A review by electric_whelk
The Last Battle by C.S. Lewis

4.0

 
Having battled over and over against witches and tyrants, Narnia falls to a grifter. The novel opens on Shift and Puzzle planning their con, which must, to the first generation of readers, have felt like such low stakes on which to open the final book. It rings subtly true, as the plot follows the increasingly evident incurability of a spirit-deep rot beyond what swords can beat back.

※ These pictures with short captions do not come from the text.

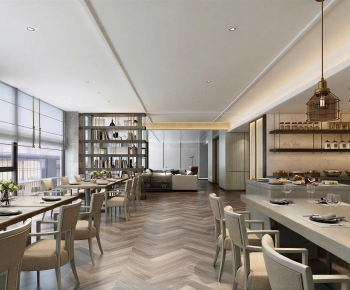 Modern Cafeteria-ID:323755986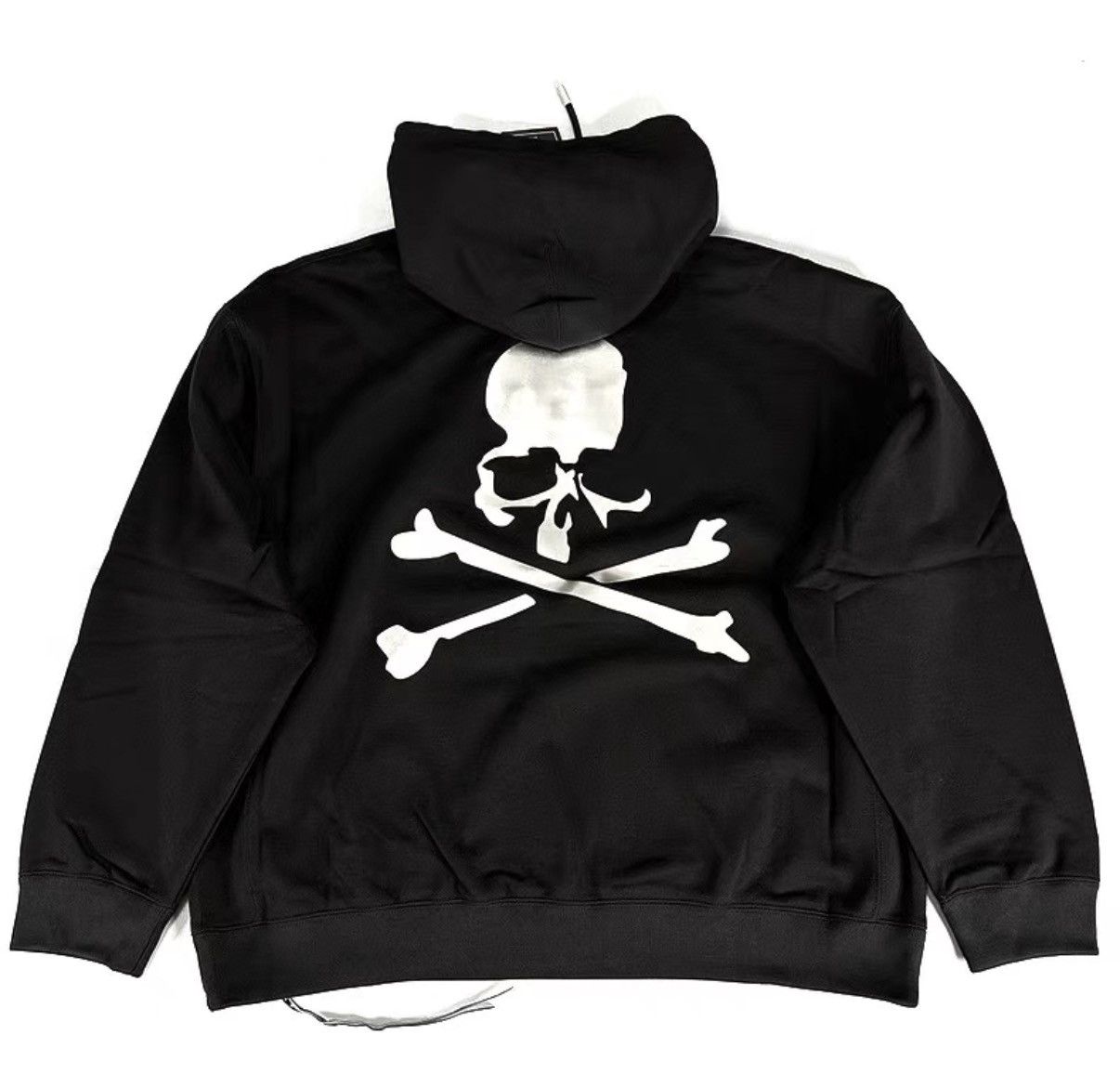 Japanese Brand × Mastermind Japan × Mastermind Production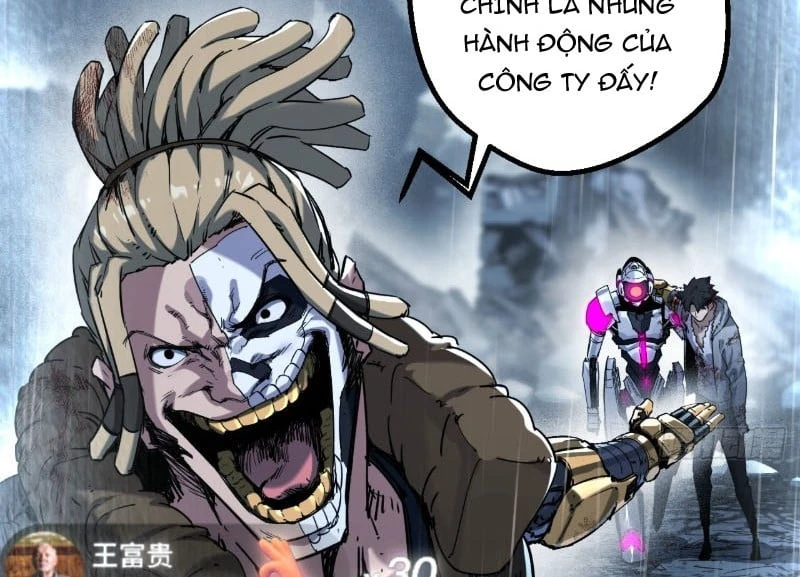 Xã Hội Không Tưởng Chapter  5 - 153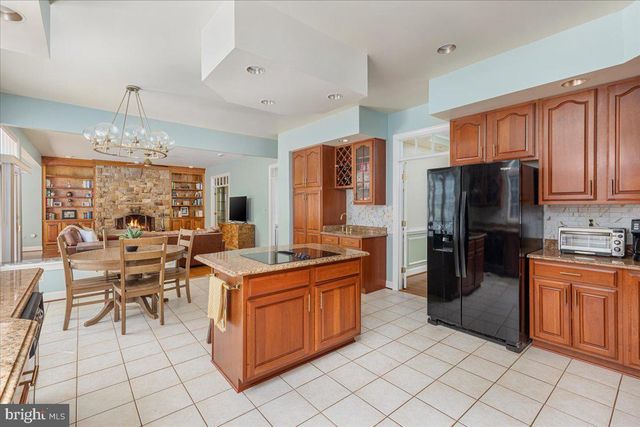 6595 CHESAPEAKE PL, Warrenton, VA 20187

In the absence of grand military stakes, much of The Last Battle is devoted to philosophizing on false gods, demagogues, modernity and faith, and bursts with vivid symbolism: four-armed Tash rotting the grass on which he walks, a miracle in a stable that none emerge sane enough to describe, and the final collapse of Narnia into psychedelic apocalypse at Aslan’s decree. 

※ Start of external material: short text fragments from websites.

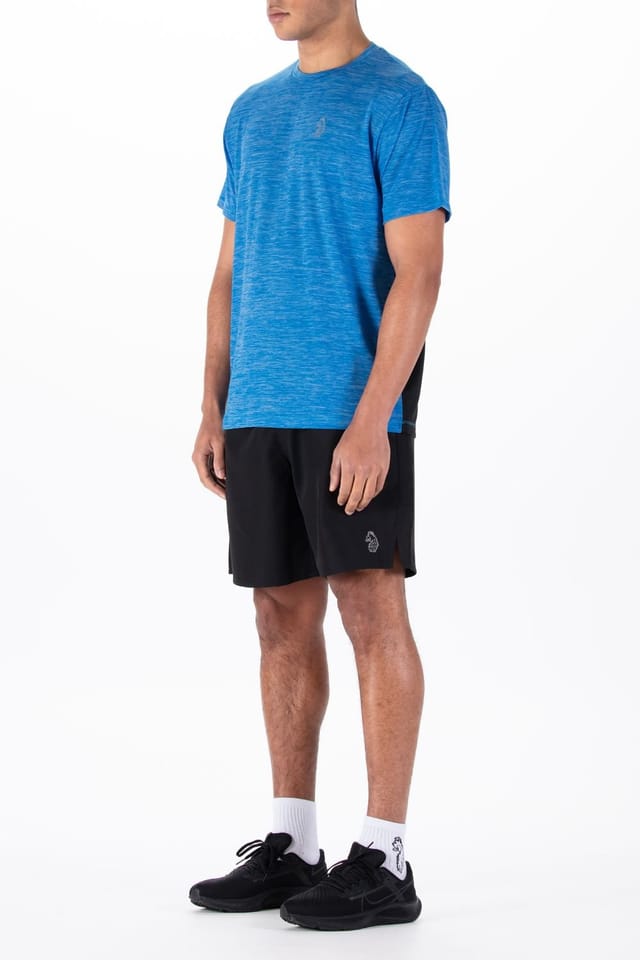 Luke 1977 Luke 1977 Men's Twenty Four Seven Sports Set in Cobalt - 3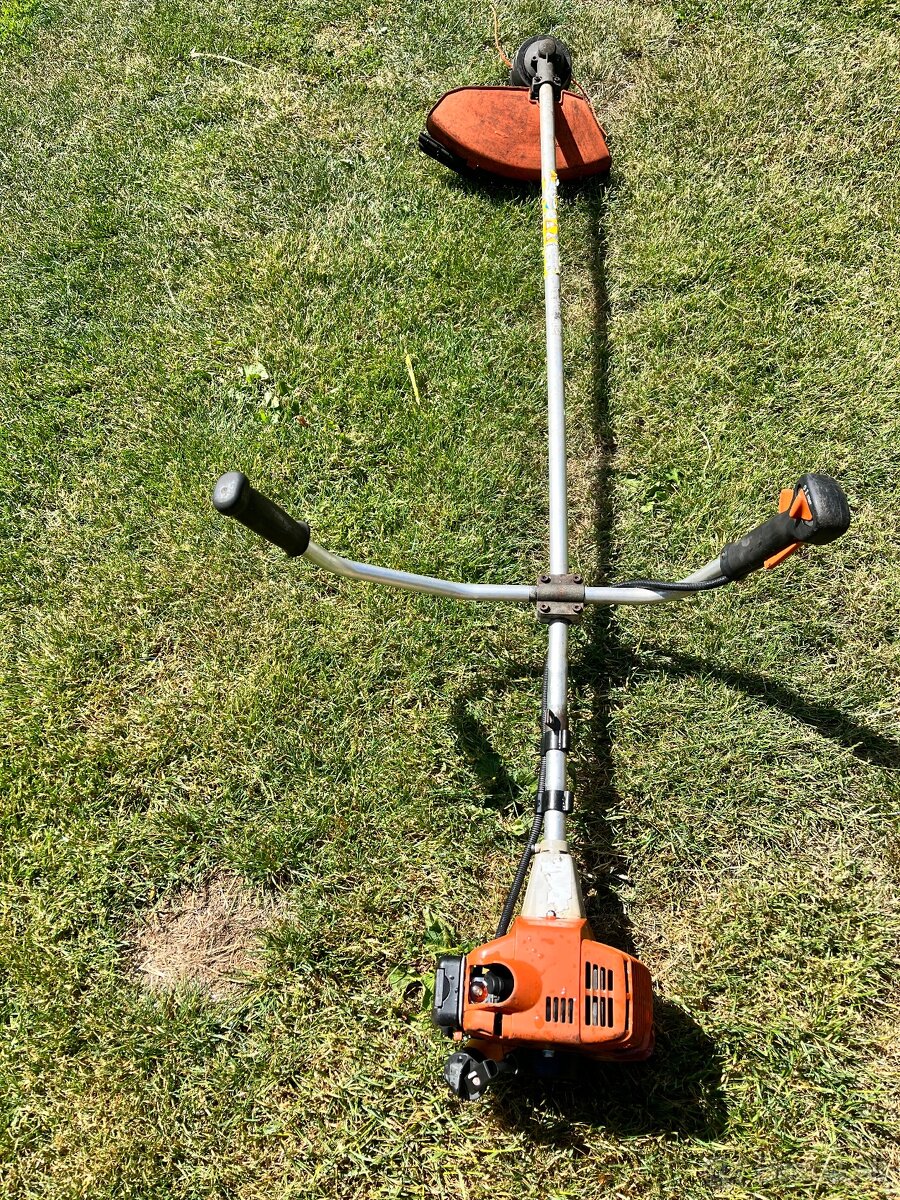 Predám krovinorez Stihl FS 80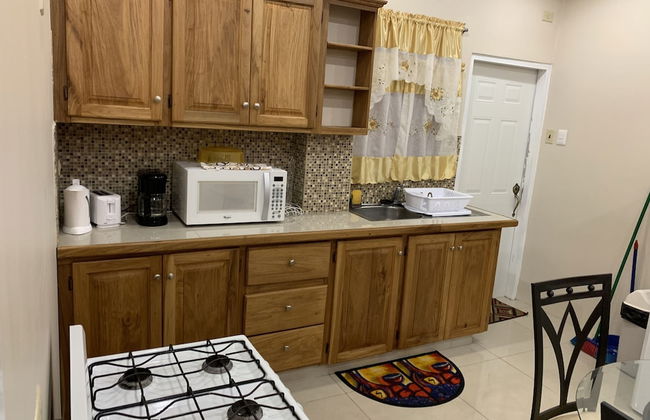 Robbie's Place Tobago - Foto 8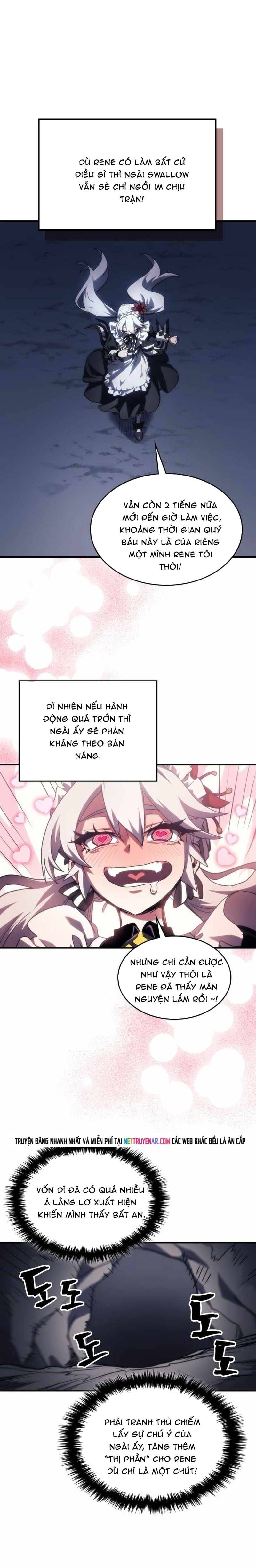 Hãy Hành Động Như Một Boss Đi Ngài Mr Devourer Chapter 114 - 20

With the themes so richly concentrated, it’s unfortunate that The Last Battle is also where the persistent mean-spiritedness of the story metastatizes into outright hatred. CS Lewis passes his final judgements here: Susan, distracted by boys and dances, gets no hero’s welcome into Aslan’s country. Neither do the Calormenes (save one - described as much handsomer than his other dark-skinned countrymen), who, unlike the Telmarines who conquered Narnia previously, get no Prince Caspian figure to lead them towards responsible stewardship: the world is better ended than left to them. 

Narnia could have gotten a better ending than the Last Battle, but it couldn’t have gotten a more perfect one. All these books have, to some degree, been characterized by plain-spoken wisdom, unpatronizing honesty, and small-minded English contempt. For good and for ill, The Last Battle is the wisest, most honest, and most contemptuous of them all.